**DATA RECORDS**.
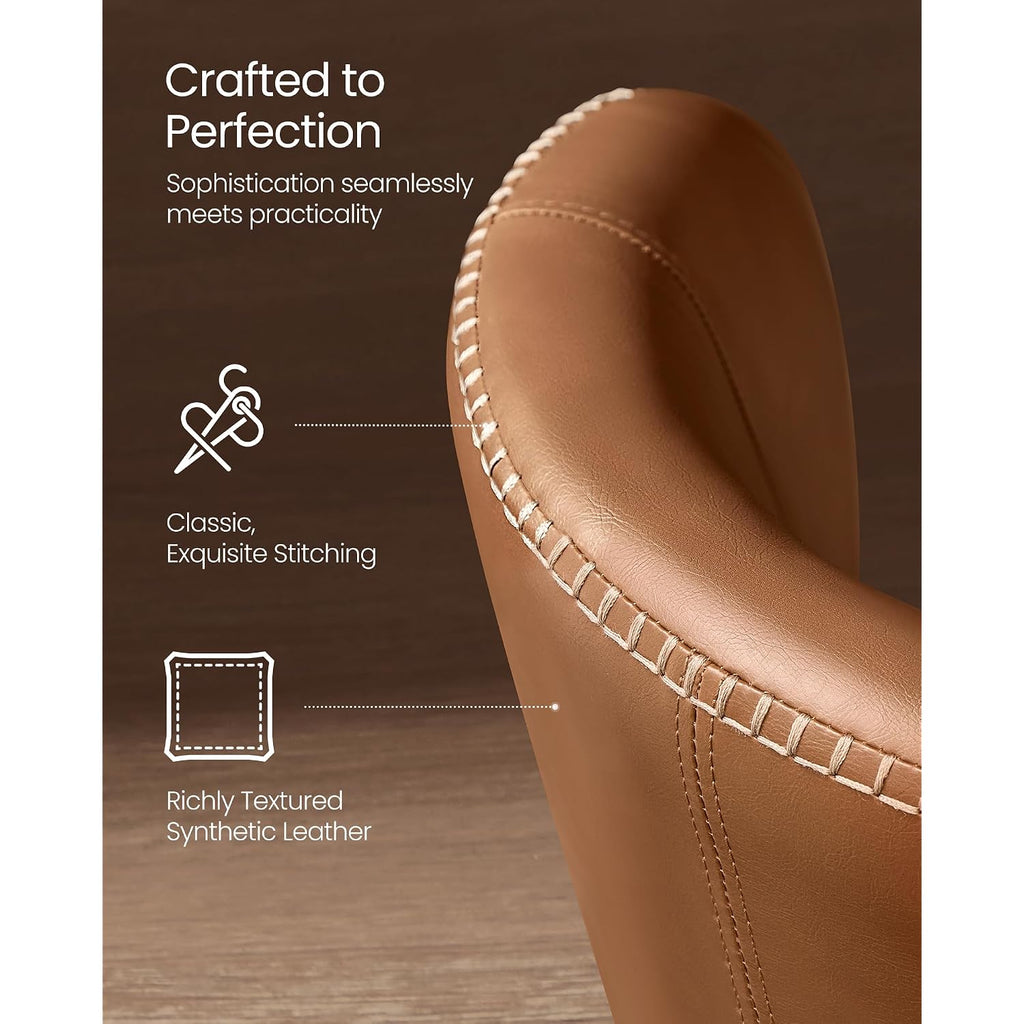 Vasagle Ekho Collection - Dining Chairs Set Of 2, Upholstered Kitchen Chairs, Comfortable Seat, Synthetic Leather With Stitching, Mid-Century Modern, Easy Assembly, Living Room Lounge, Caramel Brown
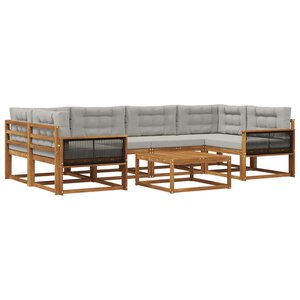 vidaXL Ensemble de canapés d'extérieur 7 Pièces Naturel et Gris clair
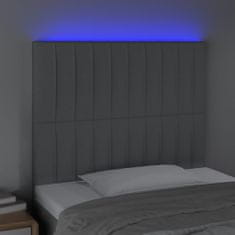 Vidaxl Čelo postele s LED světle šedé 90x5x118/128 cm textil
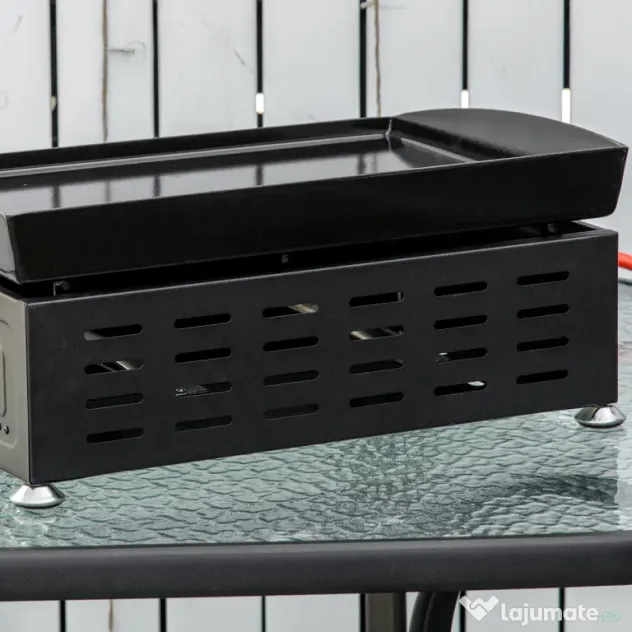 Gratar cu gaz si 2 arzatoare Outsunny, picioare reglabile, 6kW, 48.5x46x21cm, negru | Aosom Romania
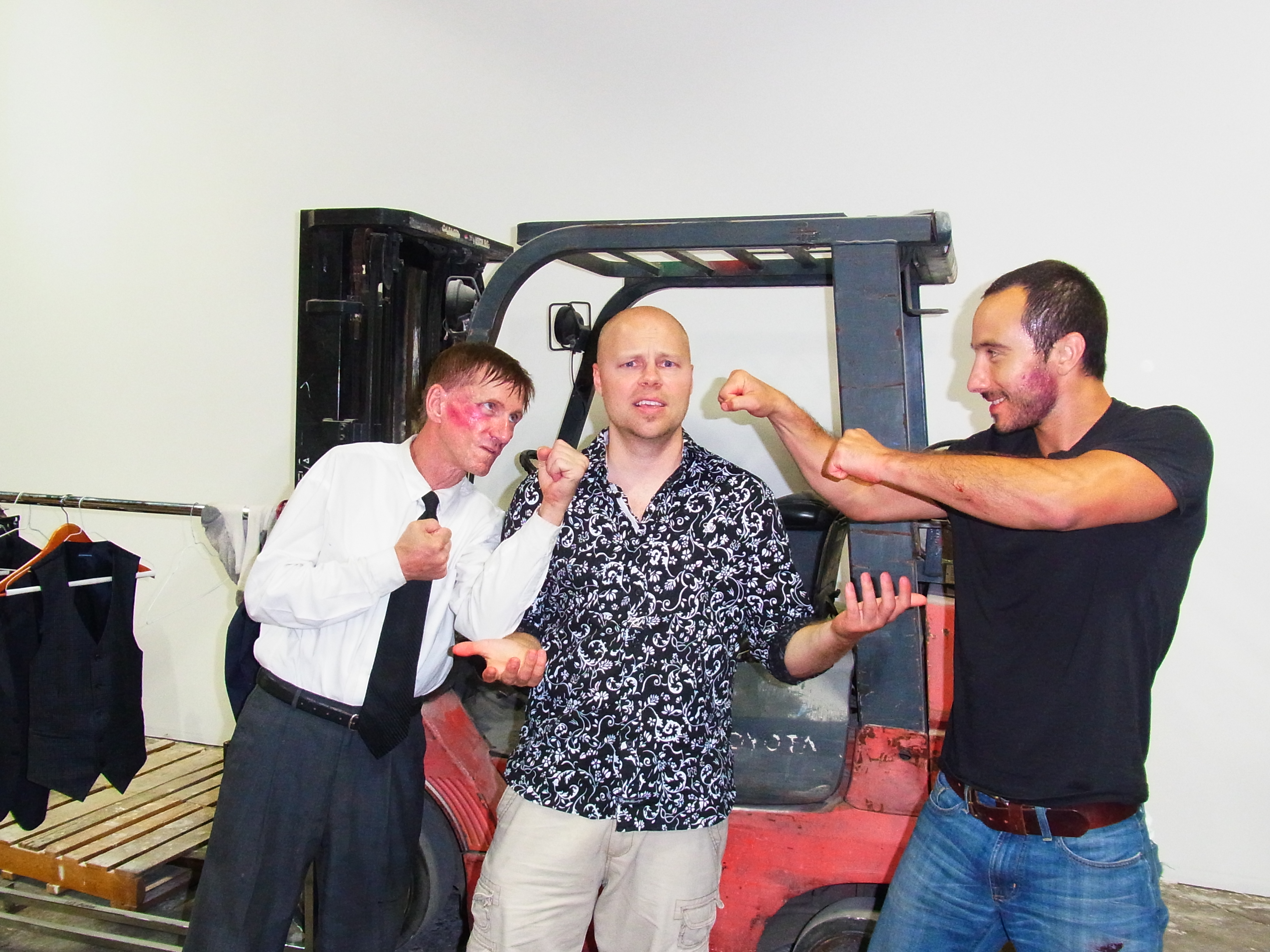 Bill Oberst Jr, Jon Smith, and Andre Tenerelli on the set of Assassins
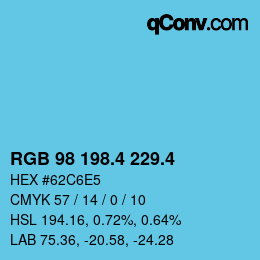 カラーコード: RGB 98 198.4 229.4 | qconv.com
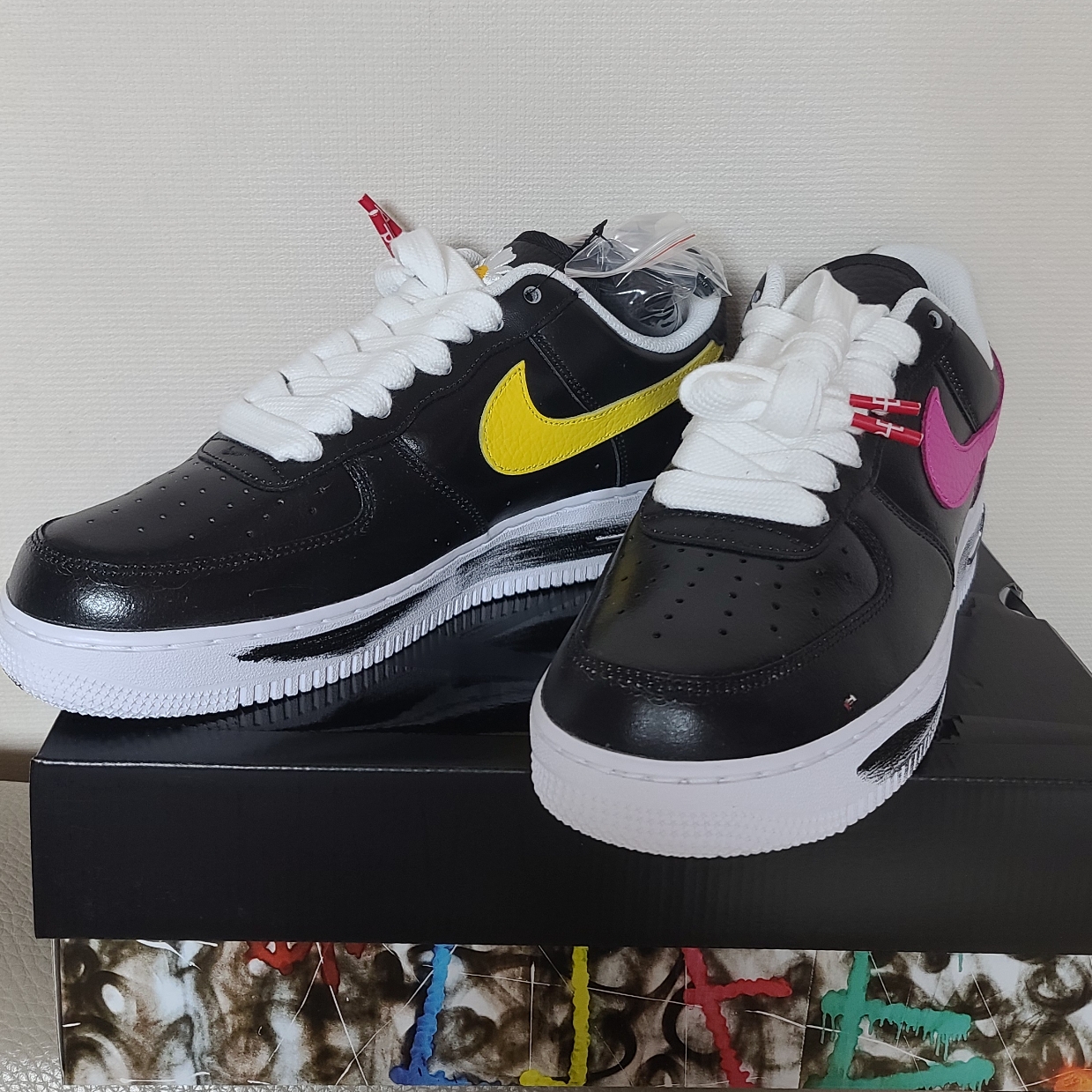 Nike x Peaceminusone Air Force 1 Low Para-Noise 3.0 Black and Multicolor 착용 스타일 - 1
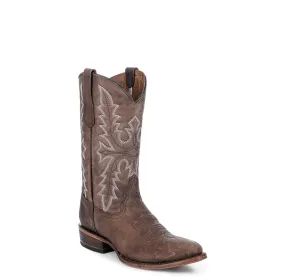 Circle G Men's Chocolate Embroidered Round Toe Western Boot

**TO DO**. From the line containing "Nike x Peaceminusone" to the last line of the entries, output every line exactly as written, but leave out the pictures.

**EXERCISE ANSWER**.
 Nike x Peaceminusone Air Force 1 Low Para-Noise 3.0 Black and Multicolor 착용 스타일 - 1
 Circle G Men's Chocolate Embroidered Round Toe Western Boot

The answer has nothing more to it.